Chezhiyan is an Indian filmmaker and director of photography who works primarily in the Tamil film industry. He received critical acclaim for his work in Kalloori (2007), Paradesi (2013) and To Let (2017).

Early life and education
Chezhiyan was born in Sivaganga, Tamil Nadu, where he did his early schooling. His parents were primary school teachers. His father was an artist who used to draw and would make toys with clays, his mother was a storyteller and also a singer. He completed his diploma in civil engineering from Alagappa Chettiar College in Karaikudi. Chezhiyan was also interested in photography right from his early days and was into drawing and painting.

Career
After completing his civil engineering degree, he started his career as an apprentice to P. C. Sreeram before establishing himself as a cinematographer. He worked as an assistant director in the film Thambi (2006). The film's cinematographer left the shoots after 60 days and hence the film director Seeman asked him to double up as cinematographer. He then shot the climax and all the songs and worked for the remaining 30 days. His name had featured as "additional cinematographer" in Thambi.
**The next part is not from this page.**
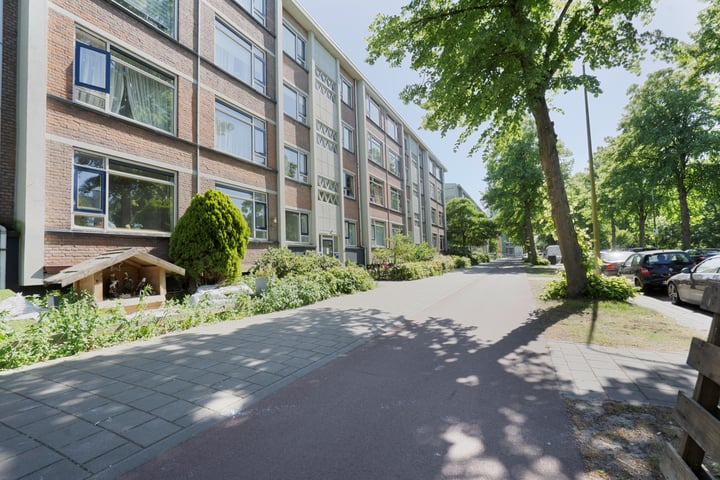 Steenwijklaan 298 in 's-Gravenhage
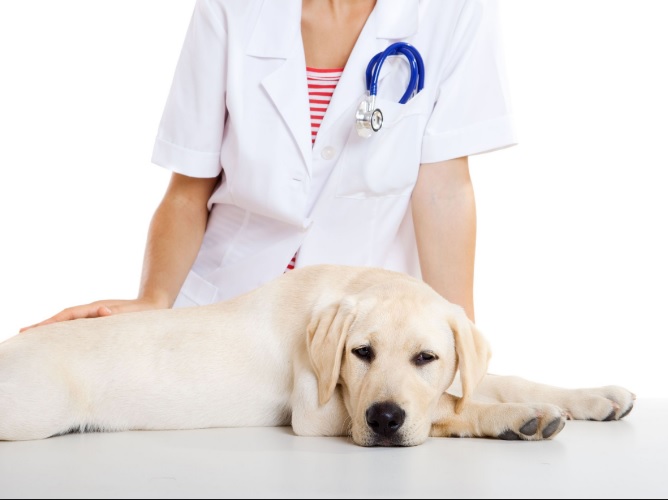 Animal Ark Pet Clinic - Edmonton , Canada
Chezhiyan made his debut as a full-fledged cinematographer with Kalloori (2007). Kalloori opened to critical acclaim in December 2007, with a critic stating that "Chezhian's cinematography is perfection itself, capturing the dustiness of the surrounds and the college accurately". He then worked in S. Shankar's production Rettaisuzhi, in V. Gowthaman's Magizhchi and in Seenu Ramasamy's Thenmerku Paruvakaatru, the latter won the National Film Award for Best Feature Film in Tamil.

He received critical acclaim for his work in Bala's Paradesi (2013) and went on to win many awards, including the Best Cinematography Award at the 2013 BFI London Film Festival Awards.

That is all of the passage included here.